Dei circa 60 milioni di uomini che vestirono la divisa tra il 1914 e il 1918 solo un terzo ebbe la fortuna di tornare a casa illeso fisicamente. Anche costoro erano però stati gravemente segnati nello spirito. Le esperienze senza precedenti che questo nuovo modo di fare guerra portò con sé provocarono infinite sofferenze fisiche e morali ai soldati di tutti gli eserciti. Due di esse, in particolare: la visione di massacri di proporzioni e di brutalità mai prima sperimentate; e, forse ancora più significativa, l’esperienza logorante della guerra di posizione, fatta di lunghi periodi di attesa seguiti da massicci attacchi alle linee avversarie.
Negli anni della Grande Guerra gli studi della psichiatria si concentrarono principalmente sulle forme traumatiche, generalmente caratterizzate da mutismo o balbettamento, sordità, tremore, attacchi convulsivi, allucinazioni, paralisi, depressione.
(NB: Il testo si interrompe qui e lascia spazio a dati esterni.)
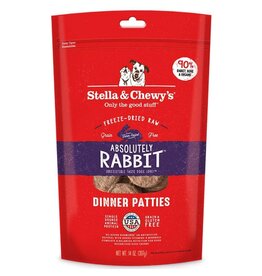 Stella & Chewy's Stella & Chewy's Freeze Dried Raw Absolutely Rabbit Dinner Patties For Dogs 5.5oz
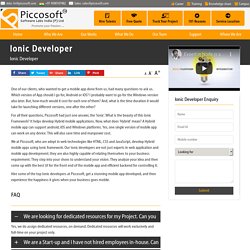 Hire dedicated ionic developers in Chennai, Bangalore,Hyderabad.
Ben presto, però, si dovette far fronte al numero crescente di soldati che, senza aver subito alcuna ferita al capo, presentavano comunque una serie di sintomi di difficile attribuzione.
Nel corso del conflitto i ricoveri per cause nervose e mentali furono 80 000 in Inghilterra, 315000 in Germania e 98000 negli Stati Uniti.
Per l'Italia non esistono dati ufficiali. Gli storici ipotizzano che i soldati internati per problemi psichici non siano meno di 40000.